Read: John 11:1-45
Jesus wept.
I will pass over some puzzling features of this text to note that when Jesus – who had delayed by two days his journey to Lazarus’ side – eventually got to the home of Mary and Martha, Lazarus had been in the tomb for four days, and the mourners were keening and wailing. Jesus wept.
Yes, Martha had run out to meet Jesus before he arrived on the scene, and Martha had heard Jesus say “your brother will rise again.” Even with this hope for Lazarus in his heart, a hope he shared with Martha, Jesus wept.
The Book of Common Prayer contains a “note” on the burial liturgy which acknowledges that the rites for burial are Easter rites and are thus characterized by joy. “This joy, however, does not make human grief unchristian,” the note continues. “The very love we have for each other in Christ brings deep sorrow when we are parted by death, because Jesus wept at the grave of his friend.”
So, as the Letter to the Romans counsels, “rejoice with those who rejoice, weep with those who weep.” So we are to let ourselves cry. Let others cry.
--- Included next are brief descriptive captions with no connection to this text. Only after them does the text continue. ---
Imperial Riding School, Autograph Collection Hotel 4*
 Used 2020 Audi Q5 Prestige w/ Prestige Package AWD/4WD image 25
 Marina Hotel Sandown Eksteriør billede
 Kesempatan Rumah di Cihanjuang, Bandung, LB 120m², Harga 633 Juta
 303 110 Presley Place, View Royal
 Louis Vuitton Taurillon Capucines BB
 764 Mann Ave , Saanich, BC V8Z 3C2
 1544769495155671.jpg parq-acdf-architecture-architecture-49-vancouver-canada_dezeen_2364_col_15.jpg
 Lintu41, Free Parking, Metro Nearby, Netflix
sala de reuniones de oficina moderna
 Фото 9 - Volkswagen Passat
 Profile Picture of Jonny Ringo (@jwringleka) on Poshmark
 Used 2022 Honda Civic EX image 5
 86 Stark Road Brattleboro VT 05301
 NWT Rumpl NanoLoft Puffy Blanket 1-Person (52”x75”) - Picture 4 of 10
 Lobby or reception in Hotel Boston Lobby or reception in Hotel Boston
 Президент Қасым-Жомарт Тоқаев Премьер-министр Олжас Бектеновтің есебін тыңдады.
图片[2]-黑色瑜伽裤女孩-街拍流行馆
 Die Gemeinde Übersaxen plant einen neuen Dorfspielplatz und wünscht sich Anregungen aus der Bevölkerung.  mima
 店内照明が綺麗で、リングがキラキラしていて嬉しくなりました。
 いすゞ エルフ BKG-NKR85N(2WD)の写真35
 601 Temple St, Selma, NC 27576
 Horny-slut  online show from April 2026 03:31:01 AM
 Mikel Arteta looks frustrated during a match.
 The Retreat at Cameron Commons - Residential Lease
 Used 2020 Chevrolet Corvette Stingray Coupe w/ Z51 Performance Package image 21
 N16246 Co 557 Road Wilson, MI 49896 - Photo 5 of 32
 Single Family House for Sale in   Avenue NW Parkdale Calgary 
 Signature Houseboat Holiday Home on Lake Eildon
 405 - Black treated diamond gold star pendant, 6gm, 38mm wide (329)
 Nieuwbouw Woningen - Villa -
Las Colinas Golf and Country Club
Share grief, without uttering platitudes to one another.
And in our hearts, we nurture the hope expressed in one of the prayers of the burial liturgy in which we pray for
“faith to see in death the gate of eternal life, so that in quiet confidence we may continue our course on earth, until, by our call, we are reunited with those who have gone before.”
O God, inspire in me the quiet confidence that trusts you even in the face of death, and so establish me in that confidence that I will be free to weep over my losses and the losses of others. Make me a member in truth of Christ’s community of compassion. Amen.